El maestro Julio Castro había nacido el 13 de noviembre en el paraje La Cruz en el departamento de Florida y era el menor de 11 hermanos. Estudió Derecho pero bien pronto descubrió que su verdadera vocación era enseñar a los niños. Fue maestro, director e inspector de escuela. Proveniente de una familia con profundas tradiciones blancas, militó en el Partido Nacional desde muy joven. Acompañó a su entrañable amigo Carlos Quijano en todos sus proyectos: políticos y periodísticos. Se incorporó a la Agrupación Nacionalista Demócrata Social que impulsó Quijano y junto con él y Arturo Ardao fundaría luego el diario El Nacional (blanco) y más tarde el histórico semanario Marcha (23 de junio de 1939 hasta su clausura por la dictadura el 22 de noviembre de 1974) que marcó a sangre y fuego -para bien o para mal- a toda una generación de jóvenes intelectuales. Su oposición y militancia contra la dictadura de Gabriel Terra (marzo 1933-marzo1938) le significó un tiempo en la cárcel tras el fracaso de la revolución encabezada por el caudillo blanco Basilio Muñoz. Castro desarrolló una extensa labor en el área educativa en el Uruguay y en toda América Latina, pero fue en la tarea periodística que descolló. En 1971 fue fundador del Frente Amplio, aunque siempre mantuvo una relación muy fluida con el líder nacionalista Wilson Ferreira Aldunate, a quien había llevado a Marcha como crítico cinematográfico.
No hay nada en el pasado que lo vincule a actividades terroristas o subversivas, aún para los que ocuparon ilegítimamente el poder a partir de 1973. Solo su acendrada vocación antiimperialista y democrática que lo ubicaba -como a tanto uruguayos- en el honroso bando de los enemigos de las dictaduras. Privado de su libertad en el Cilindro tras el cierre de Marcha, viajó luego a México pero regresó al poco tiempo. Esta era su patria y aquí debía librar la batalla, que canalizó mediante la ayuda a algunos periodistas presos y personas sin mayor peso político que eran buscados y debían salir del país. No empuñaba las armas; solo sus ideas, sus convicciones y su solidaridad. Tal vez demasiados valores humanos para un régimen ensoberbecido y prepotente.
Castro fue detenido en agosto de 1977 -en la época más negra de la dictadura- a los 68 años de edad. Los testimonios dicen que fue torturado y luego desapareció. Cuando el expresidente Jorge Batlle inició el camino del reencuentro con la Comisión para la Paz, lo datos aportados por los mandos del Ejército señalaron que Castro había muerto como consecuencia de los apremios, sus restos desenterrados, incinerados y sus cenizas tiradas al mar. Mentirosos y asesinos.

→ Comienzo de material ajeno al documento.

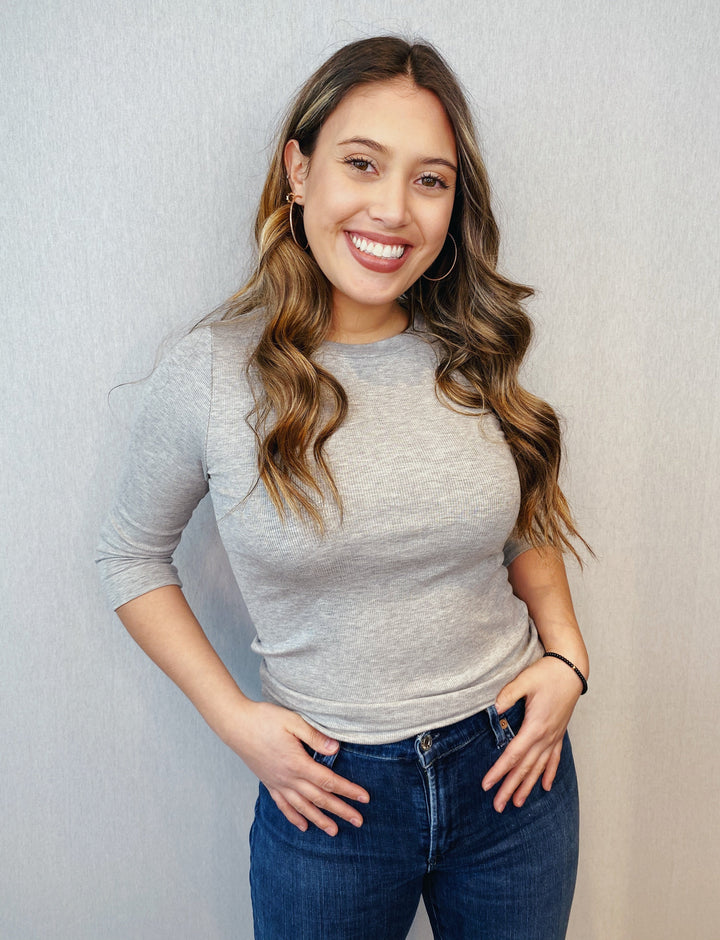 LA Made Mindy 3/4 Sleeve Ribbed Top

Si algo de positivo tiene la verdad hoy revelada, es reavivar el recuerdo de todo lo que pasó. De cómo un grupo de iluminados se alzó en armas contra las instituciones en la década del sesenta, sembró vientos de terror, desató tempestades que arrasaron el país durante una década y lo sumió en las tinieblas oprobiosas de un golpe de Estado. El precio de aquellas insanías fueron muertes injustas y dolorosas, de soldados y policías que enfrentaron a la guerrilla y de sacrificados ciudadanos que, con el advenimiento de la dictadura, lucharon para imponer la democracia. Todos cayeron para que alumbre la libertad. Vaya paradoja: también los crímenes que se cometieron fueron invocando su nombre, sin reparar que cada ser humano es el verdadero y auténtico dueño de ella.
Que la bala que mató a Julio Castro nos enseñe a vivir con dignidad.